Qu'est-ce que j'ai bien fait de bien m'habiller, moi, aujourd'hui ! Un short et un top mignon, ça aide ! Je suis apparemment irrésistible ! Oh, si maman m'entendait ! « Quelle dévergondée ! », qu'elle dirait !
Lenne étouffa un rire tandis qu'elle marchait à côté de son camarade en fauteuil roulant.
-Au fait ! Moi, c'est Shuyin ! Et toi, tu t'appelles Lenne, c'est ça ?
La concernée acquiesça et, quelques minutes plus tard, alors qu'ils étaient dans la chambre de l'éclopé avec leur boissons chaudes – café pour lui et thé pour elle, qui était rebutée par l'odeur et le goût du liquide noir – et quelques pâtisseries, engagea timidement la conversation.
-Ça fait un moment que tu es à l'hôpital, non ? Qu'est-ce qu'il t'es arrivé ?
-Ah, oui … Ben en fait, le mois dernier, j'ai été blessé pendant la deuxième manche d'un match amical. Cette espèce d'emplumé de capitaine adverse a voulu marquer un but, mais le tir m'a ricoché sur la cheville. Je me suis réveillé à l'hôpital, et le docteur m'a dit que je devais me faire opérer du talon d'Achille … Du coup, j'en ai pour un moment avant de sortir … Expliqua le jeune homme.
-C'est grave, non, une opération à cet endroit ? C'est pour ça que tu avais l'air déprimé ? S'enquit Lenne.
Shuyin laissa planer un certain silence.
-Oh, je suis désolée ! C'est malpoli de ma part ! Alors qu'on se connaît à peine ! Pardon !
-Non, non, t'inquiète. En fait, c'est juste que, comme je n'ai rien à faire de mes journées, je ressasse toujours les points noirs de ma situation. Le médecin m'a dit qu'il me serait impossible de reprendre le blitzball à un haut niveau, que ça me prendra plusieurs mois pour arriver à remarcher normalement … Mes amis ne viennent pas me voir, mon coach ne s'inquiète pas de mon état, ma copine est venue juste une fois y'a trois semaines, à croire qu'elle en a rien à foutre, et même ma mère a du mal à trouver le temps pour me visiter … Du coup j'me fais profondément chier !

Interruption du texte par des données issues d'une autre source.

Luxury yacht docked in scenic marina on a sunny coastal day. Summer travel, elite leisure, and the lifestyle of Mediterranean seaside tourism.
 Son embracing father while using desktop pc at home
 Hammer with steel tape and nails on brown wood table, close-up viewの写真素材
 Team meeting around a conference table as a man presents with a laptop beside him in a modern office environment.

Lenne avait remarqué le sourire et le ton faussement enjoué qui avaient ponctué sa tirade.
-J'imagine que ça doit vraiment pas être facile ! Mais faut tenir le coup ! On se rétablit toujours plus vite quand on a le moral !
-Oui, c'est ce que me dit mon infirmière ! Qui, entre nous, est vraiment déjantée ! Mais elle est adorable !
Ils se turent le temps de finir leur goûter – formidable avantage des patients de cet hôpital du quartier Sud – puis Shuyin s'exclama :
-Bon allez, assez parlé de moi ! J'ai l'impression que je fais que me plaindre ! À ton tour !
-Moi ? Hé bien … Y'a pas grand-chose à dire ! Je fais partie de la chorale, ma prof est vieille mais très sympa, mais je commence profondément à me lasser ! Surtout que ma meilleure amie me reproche de tout faire pour me faire remarquer. C'est pas ma faute, si j'aime composer mes propres chansons ! Même si je dois dire qu'il est un peu contradictoire de préférer chanter seule alors qu'on est dans une chorale … C'est dingue, ces dernières semaines, j'y ai pris goût ! Au début j'étais terrifiée, mais maintenant … j'aime ce sentiment grisant !
-Oui ! Un peu comme la poussée d'adrénaline que j'ai eue lors de mon premier vrai match ! Rétorqua Shuyin, soudain revigoré.
Tous deux continuèrent donc à parlementer un long moment, à propos de tout et de rien, jusqu'à ce qu'une infirmière fasse irruption dans la chambre :
-Ah, bravo, mon p'tit ! Je savais que t'en étais capable ! Vous avez vu, mademoiselle, s'il est pas mignon à croquer, ce pauvre petit en manque d'affection ?
-Janyce ! Gronda Shuyin.
-Bon, bon, d'accord ! Par contre, désolée, ma chérie, mais les moments qui vont suivre seront censurés ! C'est qu'il doit prendre son traitement, l'animal !
Lenne se leva donc, salua ses deux interlocuteurs, et sortit de la pièce.
-Hé dis, Lenne ! Tu vas revenir me voir, hein ?
-Promis ! Répondit-elle avec un grand sourire.
Et effectivement, Lenne revint souvent voir son ami. Durant les semaines qui suivirent, elle alla le voir presque tous les jours, et Shuyin l'accueillait toujours de très bonne humeur.